Getting back to his best will still take a little time, Schwartzel said, but he's now completely recovered from the chest injury, which had made him compensate in his swing.
"I don't expect anything from this week," he added, tempering expectations from home fans in South Africa waiting for a first home winner at the $5 million Nedbank Challenge since Trevor Immelman in 2007. "But it's definitely turning. My swing is starting to repeat itself more and more. That is good signs for me."
Schwartzel's obvious caution probably resulted in part from the fact that Westwood has been untouchable recently at Sun City's Gary Player Country Club, winning a second straight Nedbank title last year with the help of a course-record 62 in the third round.
The Englishman is the favorite to to win again at Sun City on Sunday and become the first player with three straight Nedbank titles.
Compatriot Justin Rose, fresh off his own course-record 62 in the final round in Dubai on Sunday, arrives in northwest South Africa as Westwood's likeliest challenger.
Although South Africa's Louis Oosthuizen backed his close friend Schwartzel to "be very strong this week," the Englishmen are the leading contenders.
Westwood's game was perfectly suited to Sun City, Oosthuizen said, while Rose finished second to the all-conquering Rory McIlroy on the European Tour's Race to Dubai money list after an outstanding season from the South African-born Englishman.
"(Westwood's) record is amazing around this golf course," Oosthuizen said, "so you've got to think he's going to be up there. He hits his driver so straight. With narrow fairways, you'll see him take driver on a hole where most guys will probably take a 3-wood.
"Justin, especially after last week, will definitely be one of the guys to look out for. Coming off a 62 ... his confidence is going to be way up there. He's a great player. He had a great Ryder Cup."

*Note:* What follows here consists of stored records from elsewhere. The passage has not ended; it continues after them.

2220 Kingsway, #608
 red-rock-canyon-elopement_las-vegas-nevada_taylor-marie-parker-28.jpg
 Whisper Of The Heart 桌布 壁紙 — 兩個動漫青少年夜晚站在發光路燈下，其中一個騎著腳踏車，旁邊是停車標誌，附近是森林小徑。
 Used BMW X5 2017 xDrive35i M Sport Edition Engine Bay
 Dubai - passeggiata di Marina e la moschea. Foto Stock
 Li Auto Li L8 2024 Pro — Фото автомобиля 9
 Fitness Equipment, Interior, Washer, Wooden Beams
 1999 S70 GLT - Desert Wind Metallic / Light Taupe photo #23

Also playing at the Sun City invitational are Westwood and Rose's fellow Ryder Cup winners Paul Lawrie, Nicolas Colsaerts, Peter Hanson, Martin Kaymer and Francesco Molinari, giving the tournament seven members of Europe's victorious team at Medinah.
Sweden's Carl Petterson also made the trip alongside American Bill Haas. Garth Mulroy makes it three South Africans in the field, which is chasing a first prize of $1.25 million.